In more recent contributions, Professor Agrawal coauthored the introductory textbook Wireless and Mobile Computing, which has been widely accepted throughout the world. A third edition has been published. The book has been reprinted both in China and India and translated into the Korean and Chinese languages. He coauthored the book Ad hoc and Sensor Networks, 2nd edition, which was published in the spring of 2011. He authored a new textbook, Embedded Sensor Systems, published by Springer.
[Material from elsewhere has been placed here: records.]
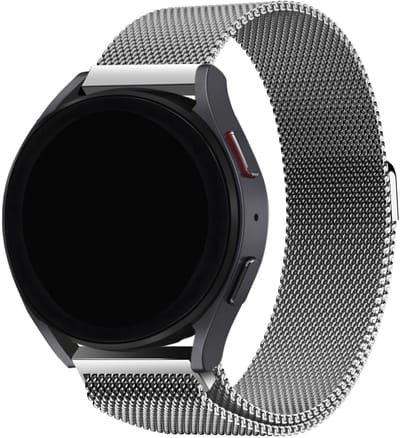 BALR 22mm Milanese band (zilver) – Compatibel met Samsung Galaxy Watch 46mm/3/Gear S3, Huawei GT 2/3/Pro, Amazfit GTR, Polar Grit/Vantage, Fossil Gen 5/6, OnePlus Watch, Xiaomi Watch/Mi – Luxe metalen horlogeband met magneetsluiting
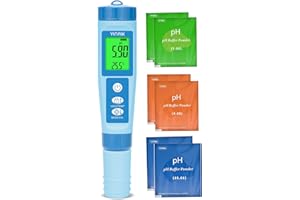 YINMIK Misuratore di pH Digitale, Tester pH 4 in 1 per Acqua Idroponica, Tester TDS EC PPM per Nutrienti Vegetali, Misuratore di Conducibilità pH a Penna per Acqua Potabile, DWC, Piante da Interno
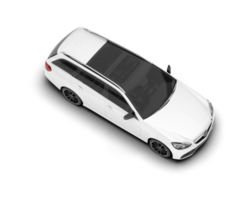 White city car isolated on transparent background. 3d rendering - illustration png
A coedited book entitled Encyclopedia on Ad Hoc and Ubiquitous Computing was published by the World Scientific, and coauthored books entitled Wireless Sensor Networks: Deployment Alternatives and Analytical Modeling, and Innovative Approaches to Spectrum Selection, Sensing, On-Demand Medium Access in Heterogeneous Multi-hop Networks and Sharing in Cognitive Radio Networks were published by Lambert Academic.
Professor Agrawal served as an editor of the IEEE Computer magazine, the Journal of Parallel and Distributed Systems, and the IEEE Transactions on Computers. He was the Program Chair and General Chair for numerous international conferences and meetings. He received numerous certificates from the IEEE Computer Society. He was awarded a Third Millennium Medal by the IEEE for his outstanding contributions. He delivered keynote speeches at 43 different international conferences. He published over 691 papers and gave 67 different tutorials and extensive training courses at various conferences in the USA and at numerous institutions in Taiwan, Korea, Jordan, the UAE, Malaysia, and India in the areas of Ad hoc and Sensor Networks and Mesh Networks. He was named as an ISI Highly Cited Researcher, was a Fellow of the IEEE, the ACM, the AAAS and the World Innovation Foundation, and he was a recipient of the 2008 IEEE CS Harry Goode Award. In June 2011, he was selected as the best Mentor for Doctoral Students at the University of Cincinnati. He was named a Charter Fellow of the National Academy of Inventors.
In his institution lecture at ITT Roorkee on 19 December 2019, Professor Agrawal said the following that serves as a good summary of his way of life: “I myself have never understood why people choose to believe that mainstream jobs offer personal gain. I prefer freedom of work, that is, being able to work for as long as I want, whenever I want to, with my own deadlines and targets. More than that, I had always been drawn to the idea of research, so pursuing anything apart from that didn’t seem logical. From very early on I enjoyed interacting with students and working with them. It’s brought me such joy that although I could have retired 10 years ago, I continue to work. Another positive is that I have been able to attract a lot of PhD students in my time as a professor, having just supervised my 76th PhD dissertation. It is things like this that motivate me to continue working.”